- Opening Delimiter -
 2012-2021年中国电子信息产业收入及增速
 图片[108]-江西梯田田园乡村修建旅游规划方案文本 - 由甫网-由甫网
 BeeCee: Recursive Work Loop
- Closing Delimiter -
Extract each line from the listing above, please, and repeat it exactly.

 2012-2021年中国电子信息产业收入及增速
 图片[108]-江西梯田田园乡村修建旅游规划方案文本 - 由甫网-由甫网
 BeeCee: Recursive Work Loop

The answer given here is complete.